GKE / MongoDB cluster under "stress" not accepting changes from cr.yaml

Hello

Just recently a MongoDB cluster did not have enough memory and failed right after the start when the first request hit the cluster. And the pods restarted “endlessly”.

I adjusted memory setting in cr.yaml and applied. But the changes re. memory were not reflected. And the pods kept going on to restart due to OOM.

If you do this with kubernetes deployment/statefulset/etc - the changes get immediately accepted and that is how pods under stress (for ex. OOM) can be rescued.

But it seems this is NOT the case with the Percona MongoDB cluster.

This issue I have noticed a couple of years ago. And it is still there - sharding and not sharding variants.

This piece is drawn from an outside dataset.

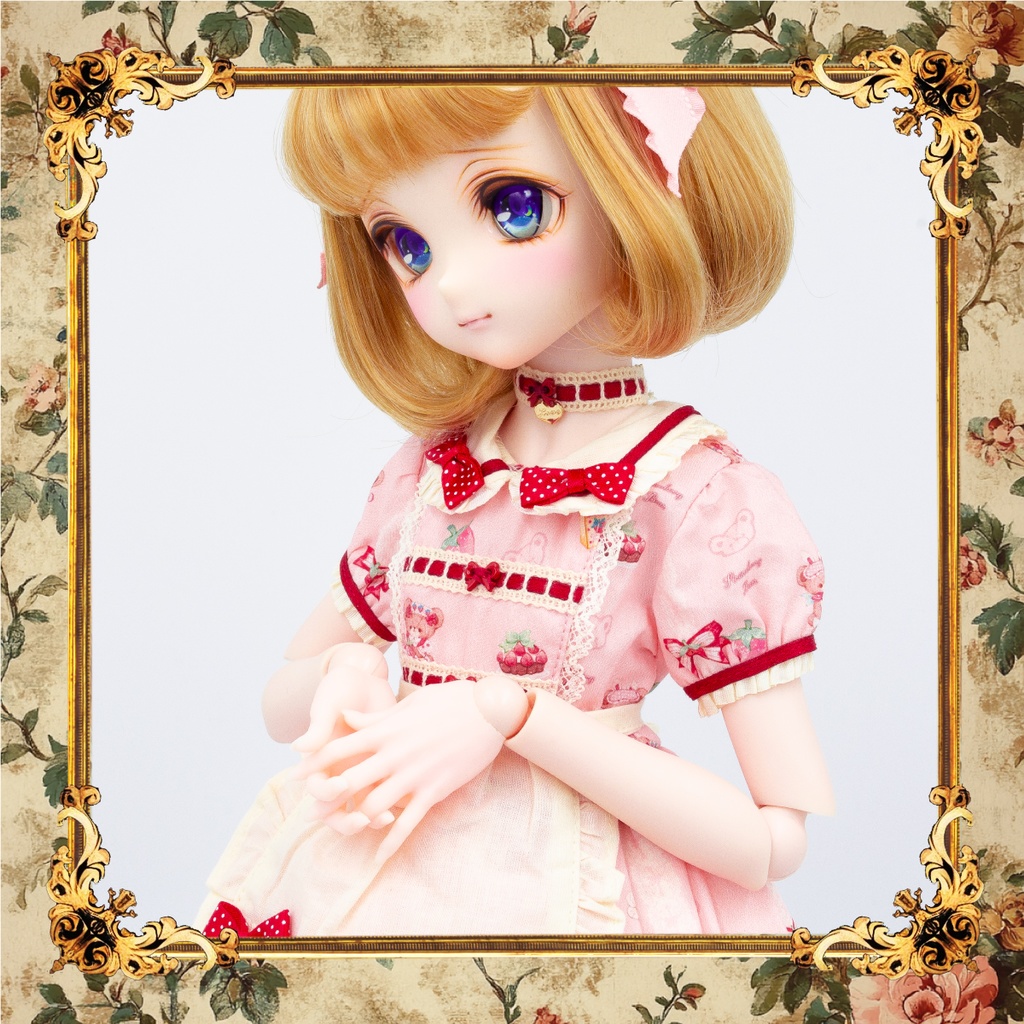 MDD用 ハンドSET-08 -REALISTIC-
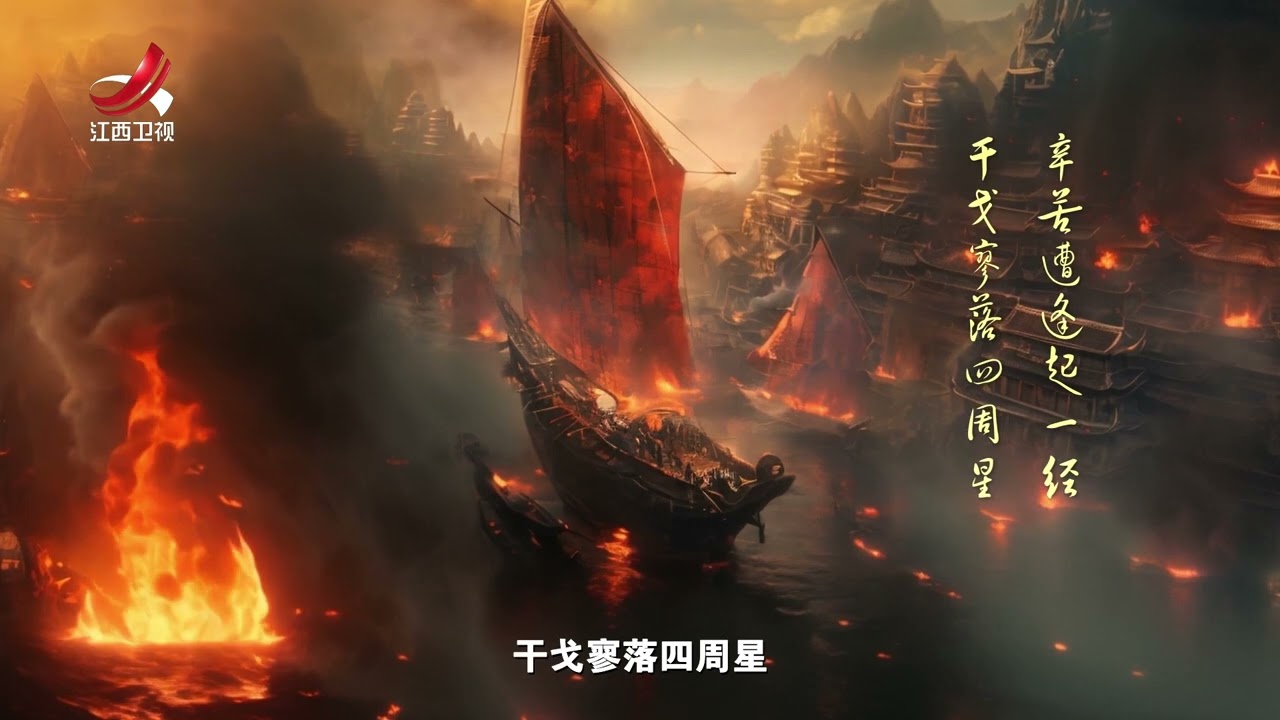 《了不起的江西名人》&mdash;&mdash;正气丹心文天祥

The only way to get this resolved is to set replicas = 0 (on kubernetes level !) and then set replicas = 3. But a) you have an interruption and b) currently there is still a problem of the unclean shutdown which causes a recovery when pod/mongodb engine is starting up - and this can take “hours”.

Regards
John

Hi @jamoser, how can I reproduce it? Please provide STR.

Hello

You can simulate it very simply. Have a cluster with some meaningful amount of data and then set memory limit too low. Then the pods will crash due to OOM. In kubernetes you will see the restart count going up.

After like 20-30 restarts (and having queries hitting the cluster), try to apply the memory settings (incr memory to previous stable).

In many cases it fails to apply the new memory settings. It “feels” like the Percona custom resource / Operator prefers “healing” the cluster instead of applying the memory settings to the pods (which would heal the cluster).

Regards
John